From elderly joggers to young nature lovers, they came yesterday to bid a temporary goodbye to the Bukit Timah Nature Reserve, which will be closed for a two-year renovation starting tomorrow.
But lesser-known sites around the reserve will still be accessible during the makeover to firm up the soil on trails, plant more trees and install more toilets.
The Hindhede Nature Park, Kampong Trail, Rail Corridor and mountain bike trail will remain open to the public till works end in 2016.
The 164m-high summit of Bukit Timah Hill will be accessible through the reserve's tarmac road on weekends from April next year.

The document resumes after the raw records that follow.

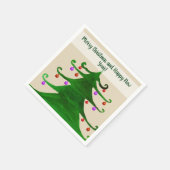 メリークリスマスとハッピー新年ナプキン スタンダードカクテルナプキン (角)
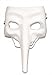 RedSkyTrader Mens Plain Paper Mache Zanni Craft Mask One Size Fits Most White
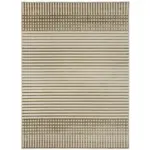 Möbelix Webteppich Elton Stripe Wash Green 80x160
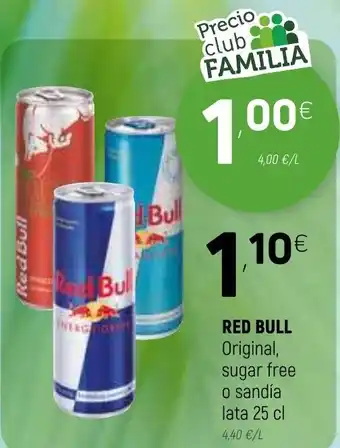 Coviran Red Bull Original o Sugar Free o Sandía lata 25cl oferta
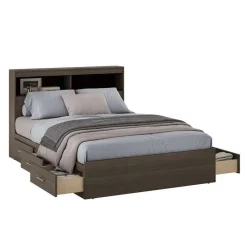 SUA-V Full Bed with 6-Drawer Storage and Headboard (54")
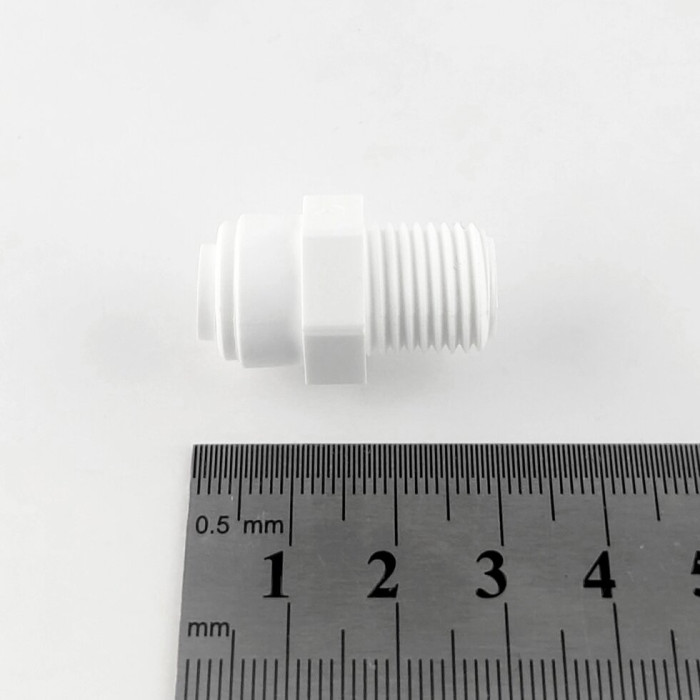 WA-MC0404 / 4mc4 Фітинг прямий (трубка 1/4 - різьба зовнішня 1/4) Organic
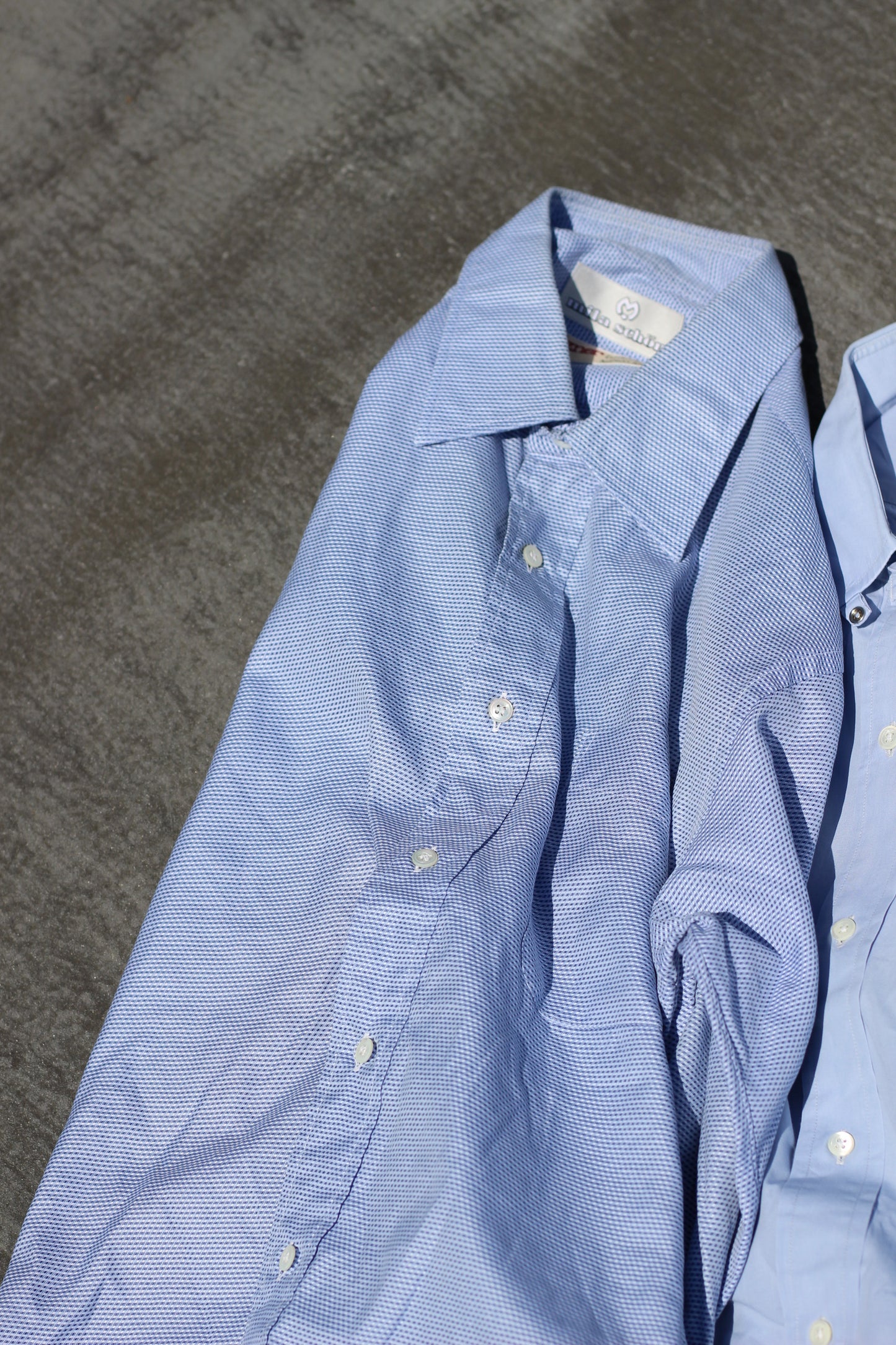 Men's Blue Long Sleeve Shirt x7点
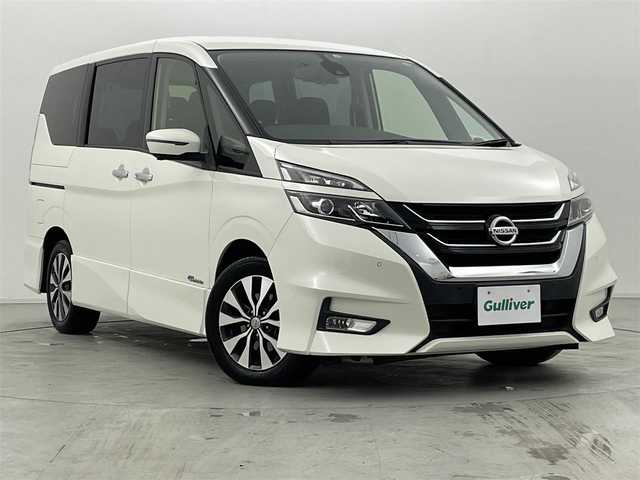 日産 セレナ ハイウェイスター Vセレクション 群馬県 2017(平29)年 6.9万km ブリリアントホワイトパール セーフティパックB/SRSカーテンエアバッグシステム&サイドエアバッグシステム/インテリジェントルームミラー/インテリジェントアラウンドビューモニター/インテリジェントDA（ふらつき警報）/・ヒーター付ドアミラー/・電動パーキングブレーキ/・オートブレーキホールド/・プロパイロット/・ステアリングスイッチ/純正フリップダウンモニター/純正SDナビ/（TV/BT/CD/DVD/SD/AM/FM）/インテリジェントパーキングアシスト/ハンズフリー両側パワースライドドア/エマージェンシーブレーキ/レーンディパーチャーアラート/アイドリングストップ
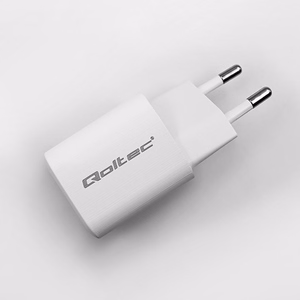 Qoltec 50763 mobile device charger Laptop, Portable gaming console, Power bank, Smartphone, Smartwatch, Tablet balts AC Fast charging Indoor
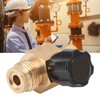 G1/2 14 CO2 Cylinder Refill Adapter Bottle Connector with Black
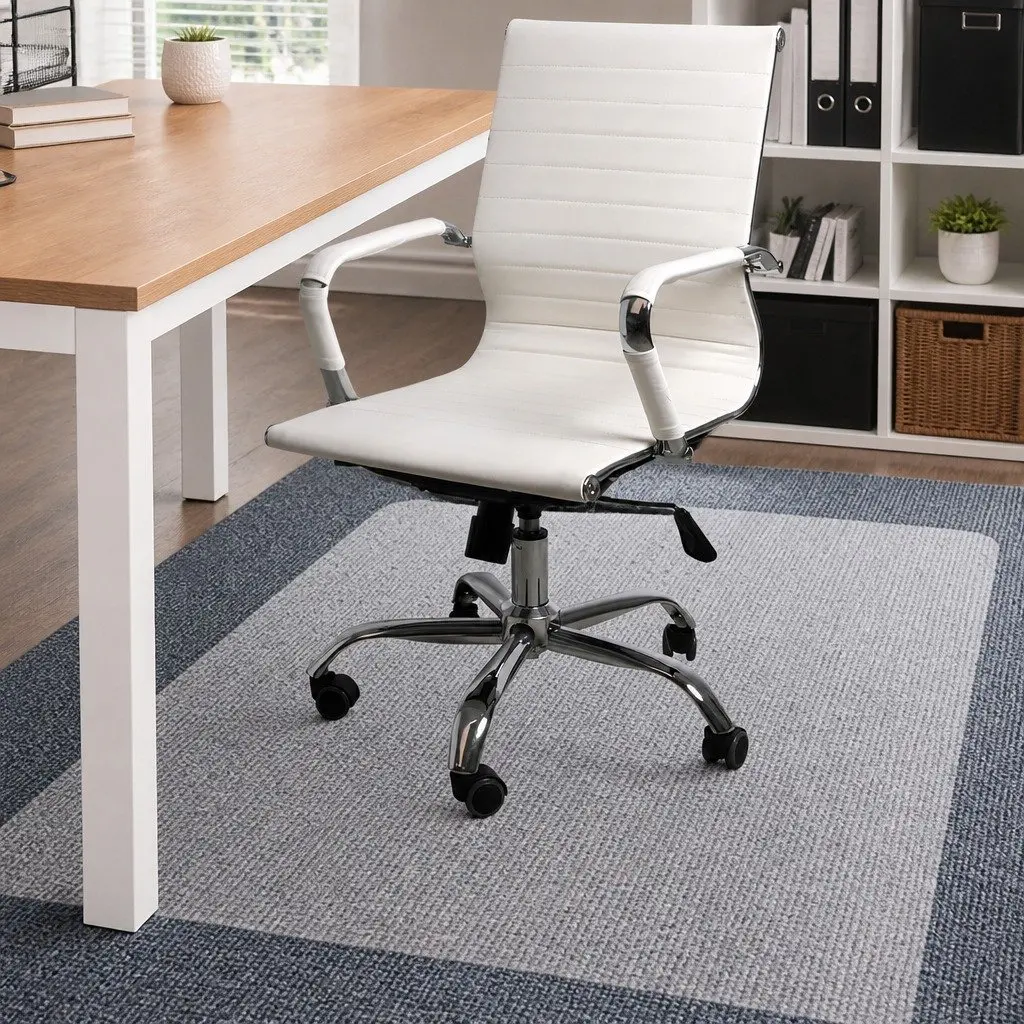Chair Mat Office Carpet Floor Protector 120X90cm Clear PVC Gripper Desk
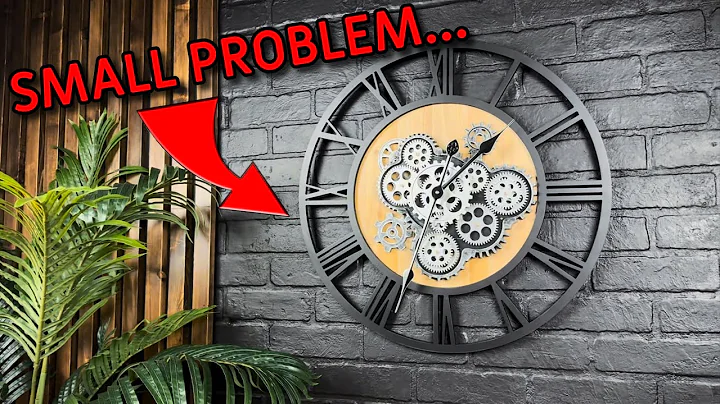 Lafocuse 23in Real Moving Gear Clock - Review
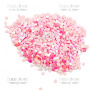 Cekiny Okrągłe płaskie, różowe z opalizującą masą perłową, #417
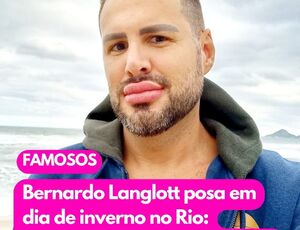 O ator e apresentador Bernardo Langlott abriu a temporada de inverno da cidade maravilhosa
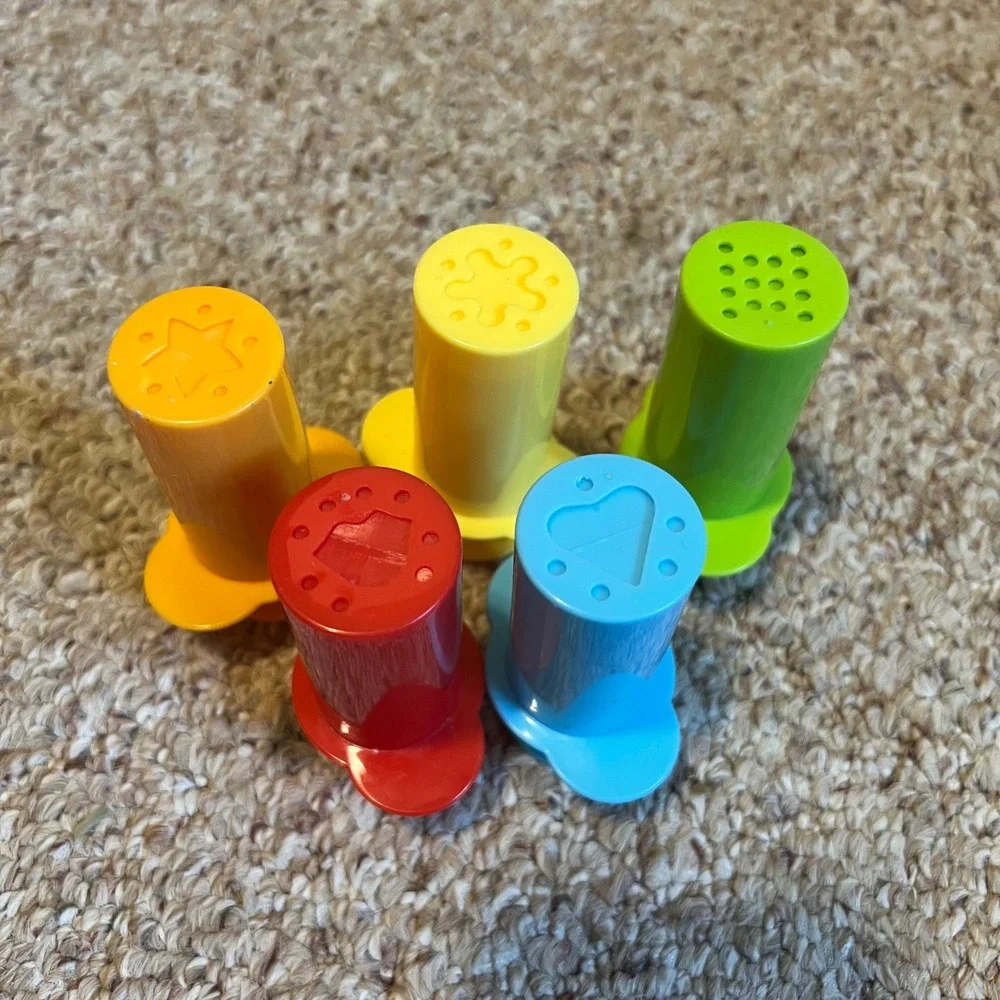 5pc Play Dough Extruder Tools Set Plastic Modeling Clay Molds Shapes Syringe Toy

Explaining the need for the repair works, Ms Sharon Chan, deputy director of the Central Nature Reserve, told The Sunday Times: "Slope failures and landslips are happening all the time. If we don't do anything, in the end, visitors won't even have the main road to walk on."
She explained that the works will take two years because they need to be done in stages so as not to disturb the ecological balance in the area and drive the animals out.
Mr Wong Tuan Wah, director of conservation at the National Parks Board, said visitorship has increased from 80,000 a year in 1992 to 400,000 now. The changes will help the reserve cope with a rise in human traffic.
In the meantime, visitors will get the chance to discover three walking trails they may otherwise have ignored. Along the way to the nature reserve along Hindhede Drive is a dirt slope that leads to the scenic 24km Rail Corridor.
Further up is the Kampong Trail, which is still rife with fruit trees. There will be guided tours for this trail on the second and fourth Saturdays of the month till November.
Retired public relations veteran Goh Shih Yong has turned up at the reserve for his hike at 11am every Saturday for the past eight years with a group of seven to 10 friends.
He is excited at the possibility of starting his hike at the Kampong Trail, which leads to MacRitchie Reservoir Park.
"We will try it out first. We have to see if the trail suits our age. We are all in our 60s," he said.